For my Technical Ledger section, I wanted the AI to actually understand the content — not just keyword-match it. The goal of this script is simple: pull my ledger entries from DatoCMS, turn them into clean embeddings with OpenAI, and store everything in Upstash Vector so the assistant can retrieve the right context later.

This isn’t meant to be overly clever. It’s meant to be reliable and easy to rerun whenever new ledger entries are published.


The Retrieval Dilemma

The tricky part wasn’t generating embeddings — that part is straightforward. The real challenge was deciding what the embedding input should look like so retrieval stays accurate as the ledger grows.

Each ledger entry in DatoCMS is modular. Instead of embedding one big blob of markdown, I flatten the structured promptNotes into a predictable format. That way the model sees clear semantic boundaries instead of noisy free-form text.


Scalability at the Edge

This script itself runs as an offline seed step, but I still optimized the flow to behave well at scale. The important decision was batching embeddings instead of generating them one by one.

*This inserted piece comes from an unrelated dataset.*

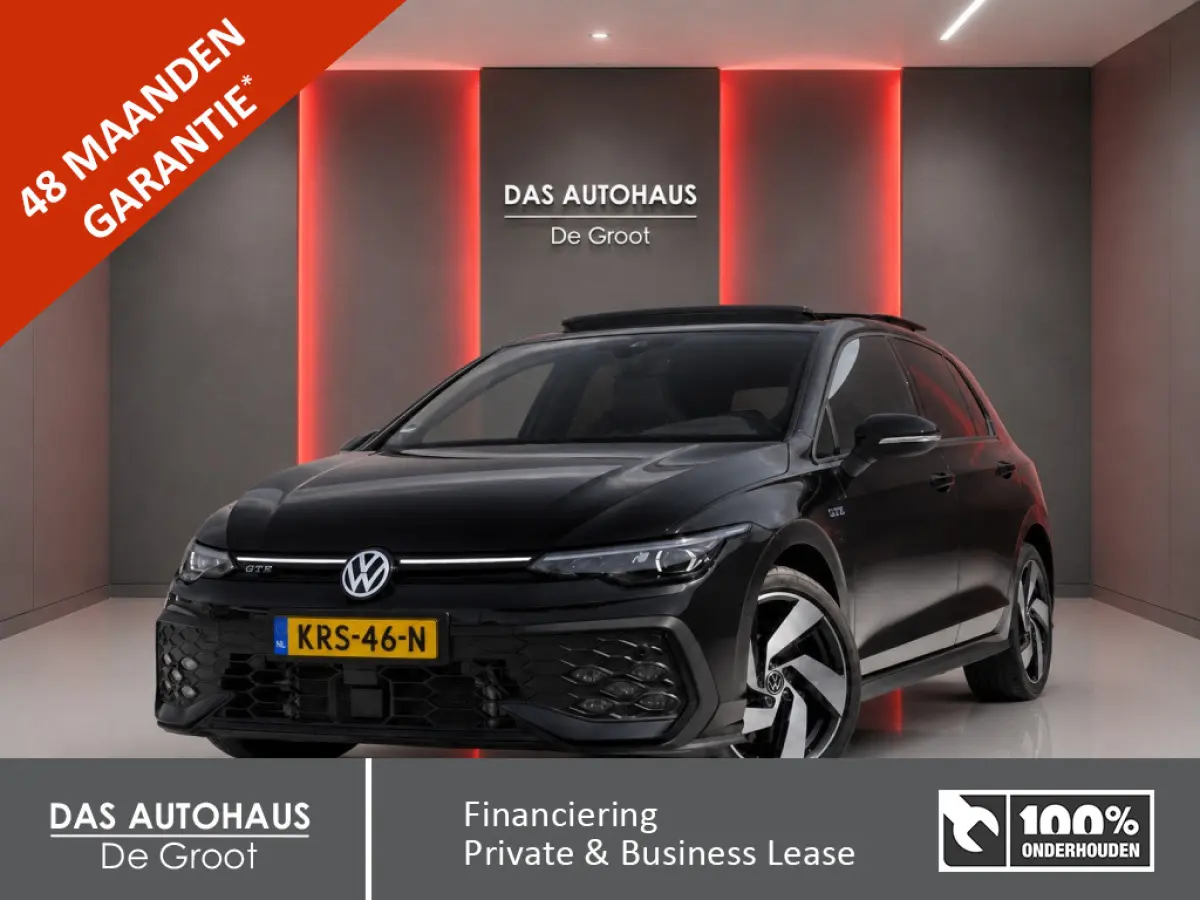 1.5 eHybrid 272pk GTE Black Style | Leer | Pano | 360 Camera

Once the CMS data is fetched, everything flows through the same pipeline: normalize → embed → upsert. Even if the ledger grows significantly, the process doesn’t really change — it just handles more rows.

TypeScript


Infrastructure Considerations

The seeding flow is intentionally linear and easy to reason about. First, I fetch all ledger entries from DatoCMS. If nothing comes back, the script exits early so CI doesn’t silently succeed with empty data.

From there, each ledger is transformed into a clean embedding payload. The helper is doing most of the important work here — flattening the modular content while preserving meaning.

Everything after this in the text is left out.